Question:
What is the rate of ocean heat dispersion and the mechanism(s)?
Ottawa Mike
2013-04-10 06:38:20 UTC
Let's assume that energy enters the surface and surface layers of the ocean (for this question the method of heating is irrelevant).

If we consider only the vertical movement of heat energy in the various layers of the oceans, how long does it take for this energy to be dispersed or transported to depth (and vice versa)?

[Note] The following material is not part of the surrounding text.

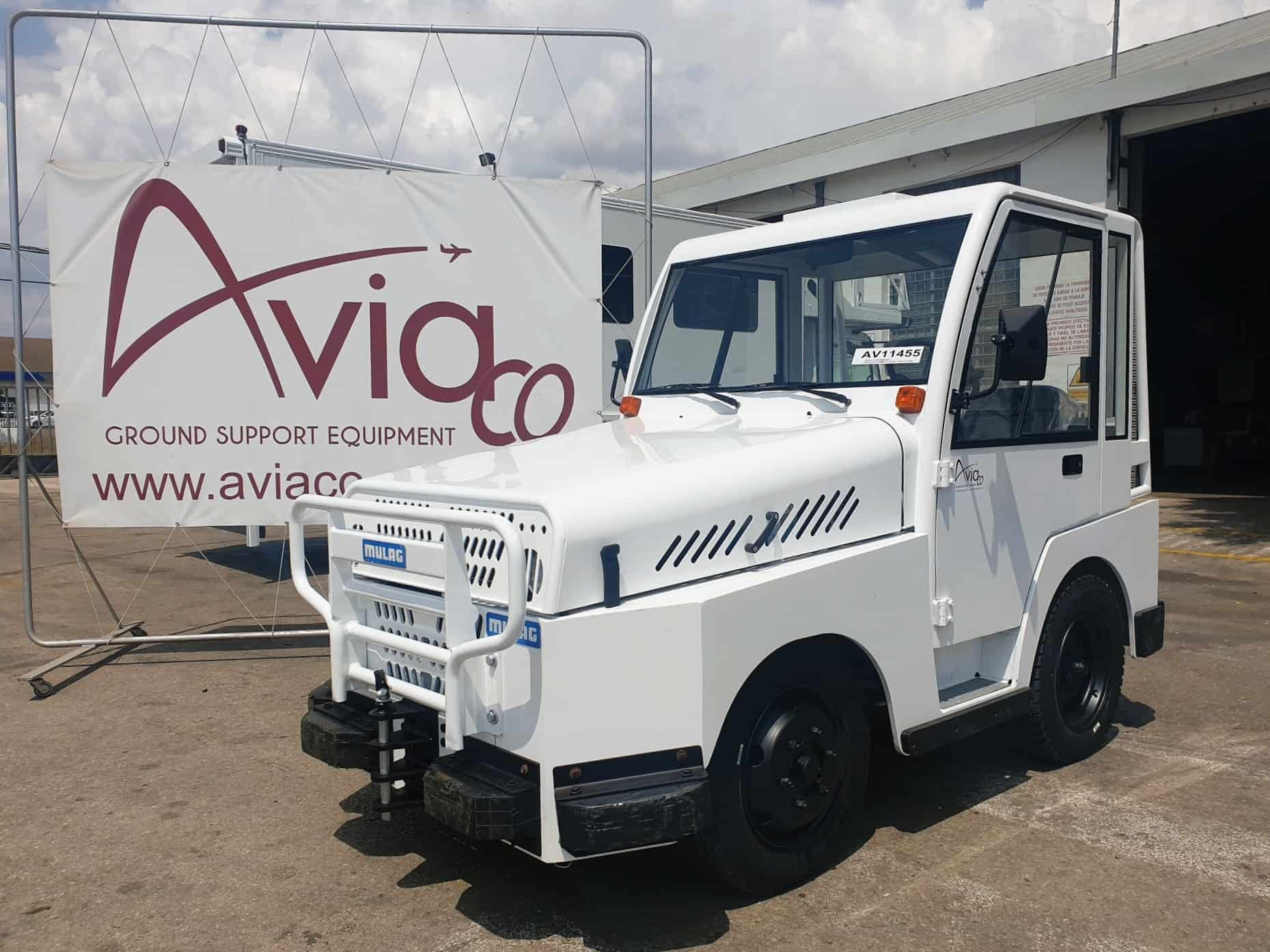 AVIACO GSE - Kravas automašīnas SCANIA P - Gads: 2014 undefined: foto 49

For the second part, what is the mechanism for heat exchange between (or within) ocean layers: radiation, conduction or convection? If a combination, which is dominant? And what is the heat exchange rate for each?
Five answers:
Portland-Joe
2013-04-10 07:15:15 UTC
Water is a poor conductor (570 mW/m-K), http://en.wikipedia.org/wiki/Water_%28data_page%29#Physical_and_thermodynamic_tables

but since it is a fluid, it can conduct heat upward using convection. This does not help so much if the water on top is less dense than the water below either because it is warmer or less salty. While there are reasonably strong horizontal currents on the surface, http://en.wikipedia.org/wiki/File:Corrientes-oceanicas.gif

the difference in salinity between the layers of ocean speaks volumes about the lack of vertical currents beyond the eddies caused by the horizontal surface currents. http://www.windows2universe.org/earth/Water/salinity_depth.html



Edit: Regardless of whether we are talking about sea water or fresh water, there is a temperature at which maximum density is reached. Since water expands as it freezes, that temperature is near, but a few degrees above freezing. As the latitude increases, and thus, the surface temperature decreases, we get to a point where the surface temperature gets near to the maximum density temperature of the water. Water chilled by the surface at this point will sink to the bottom. Thus, we have thermohaline circulation. http://en.wikipedia.org/wiki/File:Thermohaline_Circulation_2.png



Edit2:

The thermohaline circulation takes about 17 centuries. If it is responsible for Bond events, that may be more like 15 centuries. http://en.wikipedia.org/wiki/Bond_event

If we assume that the water travels a distance equivalent of 1 earth diameter along the bottom of the ocean in 147 decades, that would be about (4000 m/(147 years) or 27 m/yr.



27 m/yr = 74 mm/day

That clearly puts the current theoretically in the laminar flow region where there is virtually nothing in the way of eddies, and no mixing between vertical layers of water. http://hyperphysics.phy-astr.gsu.edu/hbase/pfric.html

In bodies of water where there is little in the way of currents at the bottom, it appears that the mixing due to motion at the surface loses its power between 600 and 800 meters depth. http://www.noc.soton.ac.uk/o4s/euroargo/argoeu_3a.php

As for the time it takes to move temperature from the bottom of the ocean to the top. consider still water 3 Km deep (ignoring the top 800 meter which would make our hypothertical 3800 meters deep). Assume a temperature difference of 5 kelvins. A cubic meter of water has a mass of 1060 Kg, and a heat capacity of 3.75 KJ/Kg-K assuming a salinity of 8% at 273 K. http://web.mit.edu/lienhard/www/Thermophysical_properties_of_seawater-DWT-16-354-2010.pdf

Using an area of one square meter, the 1060 Kg will be 1 meter deep.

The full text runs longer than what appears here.